Schwerste Verbrechen gegen das humanitäre Völkerrecht zu ahnden bleibt allerdings auch nach Errichtung des IStGH zuvorderst einzelstaatliche Aufgabe. Eine Zuständigkeit des IStGH ist nur da begründet, wo kein Einzelstaat die Strafverfolgung ernsthaft betreibt.
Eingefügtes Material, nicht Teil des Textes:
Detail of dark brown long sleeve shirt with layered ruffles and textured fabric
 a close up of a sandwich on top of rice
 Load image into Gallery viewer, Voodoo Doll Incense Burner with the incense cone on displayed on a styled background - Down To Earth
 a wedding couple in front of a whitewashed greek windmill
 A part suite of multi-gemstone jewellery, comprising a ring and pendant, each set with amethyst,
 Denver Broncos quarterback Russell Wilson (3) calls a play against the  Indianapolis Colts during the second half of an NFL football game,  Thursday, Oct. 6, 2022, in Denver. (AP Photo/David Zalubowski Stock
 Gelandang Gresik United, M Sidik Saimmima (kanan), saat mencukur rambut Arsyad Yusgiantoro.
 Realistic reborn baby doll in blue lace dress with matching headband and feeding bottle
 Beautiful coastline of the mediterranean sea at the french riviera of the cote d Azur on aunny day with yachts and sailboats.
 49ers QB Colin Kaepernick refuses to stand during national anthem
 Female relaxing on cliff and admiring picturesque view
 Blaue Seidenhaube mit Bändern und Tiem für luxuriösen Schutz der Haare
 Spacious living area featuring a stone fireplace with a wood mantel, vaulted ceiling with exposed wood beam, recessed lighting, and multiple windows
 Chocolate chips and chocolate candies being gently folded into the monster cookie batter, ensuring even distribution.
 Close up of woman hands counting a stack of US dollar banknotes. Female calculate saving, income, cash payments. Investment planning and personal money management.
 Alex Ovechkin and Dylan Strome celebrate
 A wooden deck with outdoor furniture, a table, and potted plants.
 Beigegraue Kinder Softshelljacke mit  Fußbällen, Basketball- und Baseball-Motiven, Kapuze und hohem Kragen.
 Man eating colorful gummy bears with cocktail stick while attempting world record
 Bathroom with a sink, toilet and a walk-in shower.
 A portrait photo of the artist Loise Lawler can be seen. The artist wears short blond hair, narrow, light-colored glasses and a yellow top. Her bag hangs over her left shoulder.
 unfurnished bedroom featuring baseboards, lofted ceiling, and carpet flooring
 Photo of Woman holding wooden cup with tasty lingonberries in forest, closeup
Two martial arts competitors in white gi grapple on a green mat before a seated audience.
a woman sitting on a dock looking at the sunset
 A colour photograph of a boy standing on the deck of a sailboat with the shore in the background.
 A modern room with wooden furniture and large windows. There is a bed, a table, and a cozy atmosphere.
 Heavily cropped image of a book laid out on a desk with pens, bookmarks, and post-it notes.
Durch die Schaffung des Völkerstrafgesetzbuchs (VStGB) soll eine lückenlose Strafverfolgung auch in Deutschland ermöglicht werden.
Hierzu umfasst das VStGB als unmittelbar geltendes Recht den besonderen Unrechtsgehalt schwerster Straftaten wie Folter, Verbrechen gegen die Menschlichkeit (Ausrottung, Versklavung, Vertreibung u.a.), und schließt so bislang verbliebene Lücken des deutschen Strafgesetzbuchs. Zugleich begründet das VStGB durch eine Ausweitung des Weltrechtsprinzips die formelle Basis für eine Verfolgung und Ahndung weltweit begangener schwerster Straftaten durch die deutsche Justiz.
Wegen der überaus vielschichtigen und schwierigen Rechtsprobleme, die sich aus der Überschneidung von deutschem Strafrecht, (humanitärem) Völkerrecht und Völkergewohnheitsrecht ergeben, ist auf Seiten der bundesdeutschen Justiz die Verfolgungszuständigkeit beim Generalbundesanwalt und die erstinstanzliche Zuständigkeit bei den Oberlandesgerichten begründet. Das in seiner Entwicklung noch am Anfang stehende Völkerstrafrecht fordert eine Verteidigung, die sich den besonderen Anforderungen internationaler Strafverfolgung in rechtlicher und in tatsächlicher Hinsicht bewusst ist und diesen in kompetenter Weise engagiert begegnet.